THE STORY OF THE DIVINE COMEDY.
THE HELL.
The poet Dante, in the thirty-fifth year of his life, this being the year 1300 A. D., on New Year's day of the old reckoning, lost his way in a rough and thorny forest, and when he attempted to regain it by mounting a hill that rose before him resplendent in sunshine, encountered a leopard, a lion, and a wolf. Driven back by these, and utterly despairing of rescue, he met one who declared himself to be that Vergil who had sung the fall of Troy and the flight of Aeneas, and who promised to take him through the lower world and Purgatory, even unto Paradise. Dante questioned why it was permitted to him to take the journey denied to so many others, and was told that Vergil had been sent to his rescue by the beauteous Beatrice, long since in Paradise. When the poet, trembling with fear, heard that the shining eyes of Beatrice had wept over his danger in the forest, and that she had sought the gates of hell to effect his rescue, his strength was renewed, even as the flowers, chilled by the frosts of night, uplift themselves in the bright light of the morning sun; and he entered without fear on the deep and savage way.

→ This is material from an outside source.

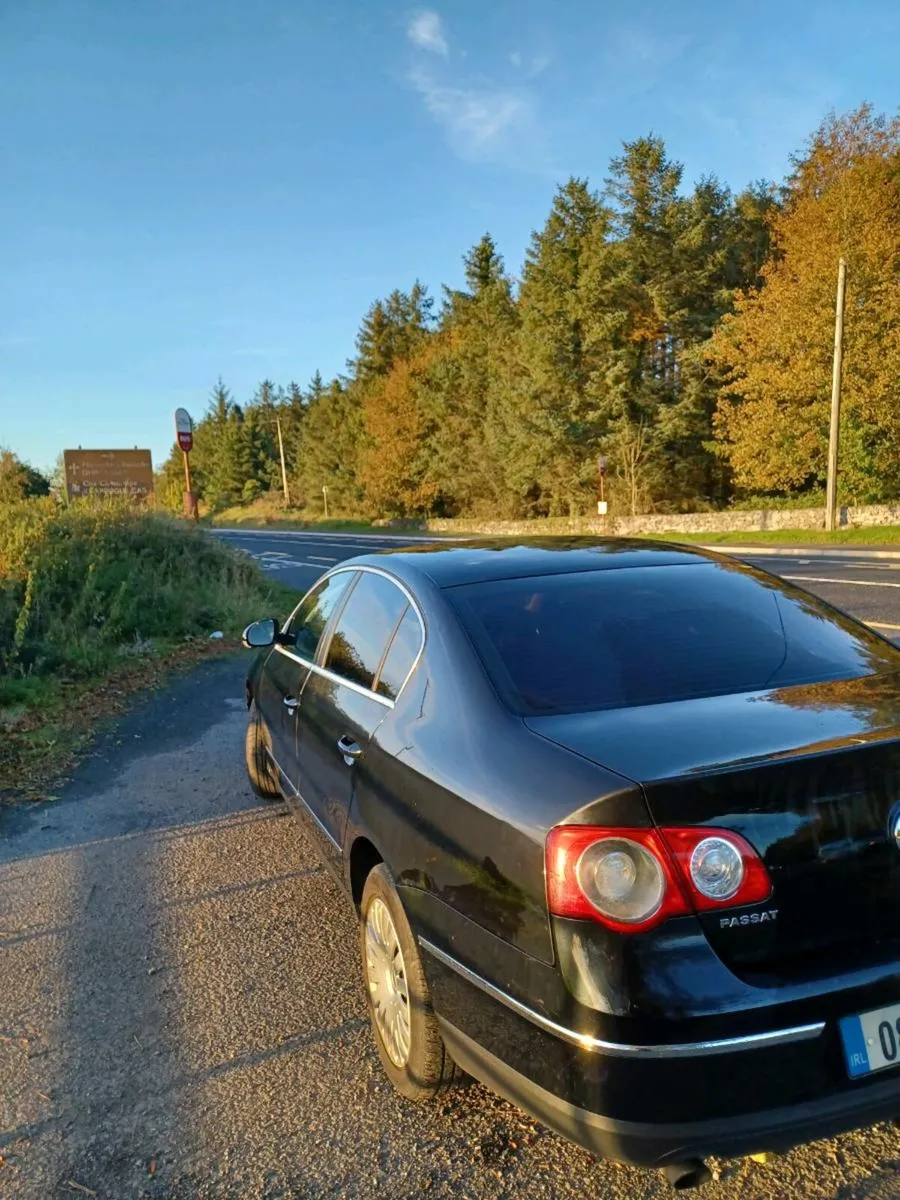 Volkswagen Passat NCT + TAX - Image 2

This allegory, being interpreted, probably means that the poet, entangled in the dark forest of political anarchy, was driven from the hill of civil order by the Leopard of Pleasure (Florence), the Lion of Ambition (France), and the Wolf of Avarice (Rome), and was by divine grace granted a vision of the three worlds that he might realize what comes after death, and be the more firmly established in the right political faith,—Ghibellinism.
"Through me is the way into the sorrowful city; into eternal dole among the lost people. Justice incited my sublime Creator. Divine Omnipotence, the highest wisdom, and the Primal Love created me. Before me, there were no created things. Only eternal, and I eternal, last. Abandon hope, all ye who enter here!"
Such was the inscription over the doorway, after the reading of which Dante's ears were assailed by words of agony and heart-rending cries. "This," said Vergil, "is the home of those melancholy souls who lived without infamy and without praise. Cowards and selfish in life, they are denied even entrance to hell." As they looked, a long train passed by, stung by gadflies and following a whirling standard.
Charon, about whose eyes were wheels of flame, endeavored to drive the poet and his guide away as they stood among the weary and naked souls that gathered shivering on the margin of Acheron; but as a blast of wind and a burst of crimson light caused a deep sleep to fall on the poet, he was wafted across the river, and awaking he found himself in the Limbo of the Unbaptized, the first of the nine circles of hell, where were the souls of many men, women, and infants, whose only punishment was, without hope, to live on in desire. Here was no torment, only the sadness caused by the ever-unsatisfied longing for the ever-denied divine grace. This was Vergil's abode, and in the noble castles set among the green enamelled meadows dwelt Homer, Horace, and Ovid, Electra, Hector, and Camilla.